**Exercise**. Whenever a line in the data below includes the string "Sink", copy it out.

**Data for processing**.

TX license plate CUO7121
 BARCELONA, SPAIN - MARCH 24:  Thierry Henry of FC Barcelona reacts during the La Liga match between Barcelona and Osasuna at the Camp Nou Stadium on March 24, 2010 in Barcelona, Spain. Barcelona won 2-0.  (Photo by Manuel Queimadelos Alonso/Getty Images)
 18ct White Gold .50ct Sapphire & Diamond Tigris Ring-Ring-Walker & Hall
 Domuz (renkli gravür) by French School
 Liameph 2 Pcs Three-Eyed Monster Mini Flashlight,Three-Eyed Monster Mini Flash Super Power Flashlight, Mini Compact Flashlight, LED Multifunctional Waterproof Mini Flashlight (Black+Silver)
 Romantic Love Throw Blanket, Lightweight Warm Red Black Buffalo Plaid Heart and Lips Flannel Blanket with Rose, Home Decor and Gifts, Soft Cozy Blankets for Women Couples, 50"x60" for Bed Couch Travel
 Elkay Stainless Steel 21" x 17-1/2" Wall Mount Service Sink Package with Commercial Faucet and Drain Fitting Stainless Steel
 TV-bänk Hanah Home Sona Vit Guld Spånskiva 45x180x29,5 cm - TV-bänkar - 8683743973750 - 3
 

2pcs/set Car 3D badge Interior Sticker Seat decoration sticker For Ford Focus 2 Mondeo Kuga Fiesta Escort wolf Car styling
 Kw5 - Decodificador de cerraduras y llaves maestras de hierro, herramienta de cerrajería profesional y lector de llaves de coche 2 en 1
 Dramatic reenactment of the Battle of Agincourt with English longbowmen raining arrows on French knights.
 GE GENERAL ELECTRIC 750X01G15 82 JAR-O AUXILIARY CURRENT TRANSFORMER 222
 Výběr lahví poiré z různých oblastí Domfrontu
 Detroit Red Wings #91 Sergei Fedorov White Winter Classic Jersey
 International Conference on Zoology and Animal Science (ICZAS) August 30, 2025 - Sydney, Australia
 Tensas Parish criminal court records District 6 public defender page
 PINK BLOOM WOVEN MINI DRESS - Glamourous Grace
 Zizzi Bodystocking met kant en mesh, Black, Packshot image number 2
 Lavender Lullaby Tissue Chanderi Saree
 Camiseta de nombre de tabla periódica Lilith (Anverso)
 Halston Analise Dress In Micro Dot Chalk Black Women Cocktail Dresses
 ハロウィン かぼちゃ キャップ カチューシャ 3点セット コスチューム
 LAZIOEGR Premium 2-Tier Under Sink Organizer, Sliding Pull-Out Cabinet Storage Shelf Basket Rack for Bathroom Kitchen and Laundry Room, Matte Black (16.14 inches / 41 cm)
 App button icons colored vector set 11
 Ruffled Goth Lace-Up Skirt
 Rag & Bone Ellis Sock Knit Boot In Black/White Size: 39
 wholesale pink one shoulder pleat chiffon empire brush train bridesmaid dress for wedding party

**Response**.
 Elkay Stainless Steel 21" x 17-1/2" Wall Mount Service Sink Package with Commercial Faucet and Drain Fitting Stainless Steel
 LAZIOEGR Premium 2-Tier Under Sink Organizer, Sliding Pull-Out Cabinet Storage Shelf Basket Rack for Bathroom Kitchen and Laundry Room, Matte Black (16.14 inches / 41 cm)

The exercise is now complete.